I just stumbled over a Typeface (http://typeface.neocracy.org), a alternative way to embed fonts on a html site using HTML, CSS and JS.
It comes with a js-library and is featured with a perl module that is used to generate a js file from a ttf file for their use with the js-library.
So, I don't know if and how it's can be done, but is there a possibility to use that with Js Math ?
That would get us rid of the "getting the visitor to install some fonts-or-use the images/sprites with it's caveat problems", wouldn't it ?

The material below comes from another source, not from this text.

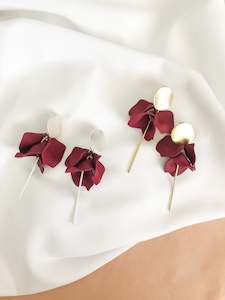 Willow Collective: Flora Dangles Earrings  - Merlot and Gold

Give it a look and let's discuss about it...
Davide P. Cervone
I saw that project as well, and it does look interesting. I'm not sure how well it will work with jsMath, however, as it creates CANVAS elements for the text to be rendered into. Each character used by jsMath would have to be rendered into a separate canvas (or jsMath would have to be totally rewritten), and that sounds pretty inefficient to me. Plus jsMath stores its internal equations as strings, not DOM elements, as it builds the equation, and it may not be efficient to convert the canvas into and out of string form frequently (which jsMath has to do as it measures the size of various parts of the equation). JsMath is already slow enough without adding more overhead for that type of rendering. But it might be worth a try to see how bad it is. Using the native fonts will always be faster, more reliable, and higher quality, it seems to me, so I would still want to encourage users to install the fonts even if this approach did work.

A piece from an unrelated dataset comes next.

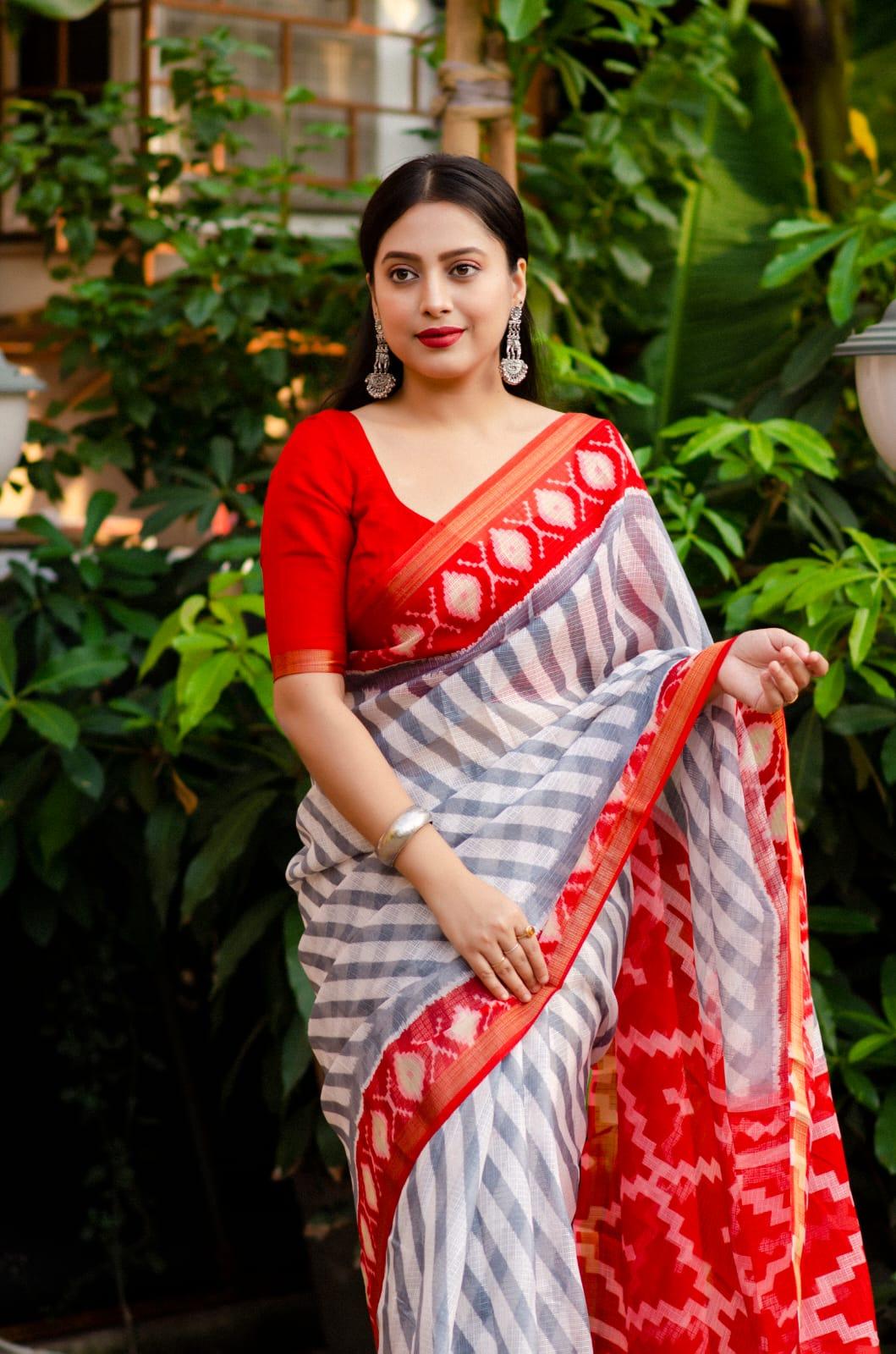 Grey Polycotton Ethnic Motifs Saree with Unstitched Blouse - Hiral Fashion - Distacart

I wonder about the print quality of the results. A quick test shows that (in Safari), the example pages print with screen resolution rather than printer resolution (as though they were images). JsMath's current approach allows for higher quality printing for its image-based fonts (though you do have to request it by hand). It also appears that you would lose any interactivity with the mathematics (no links within the math, for example) unless additional modifications were made to jsMath to implement that itself. I was going to say that you would lose CSS style control as well, but they do seem to have addressed at least the most important CSS attributes.
In any case, there are some issues to be considered, but it does look like an interesting idea that is worth looking into.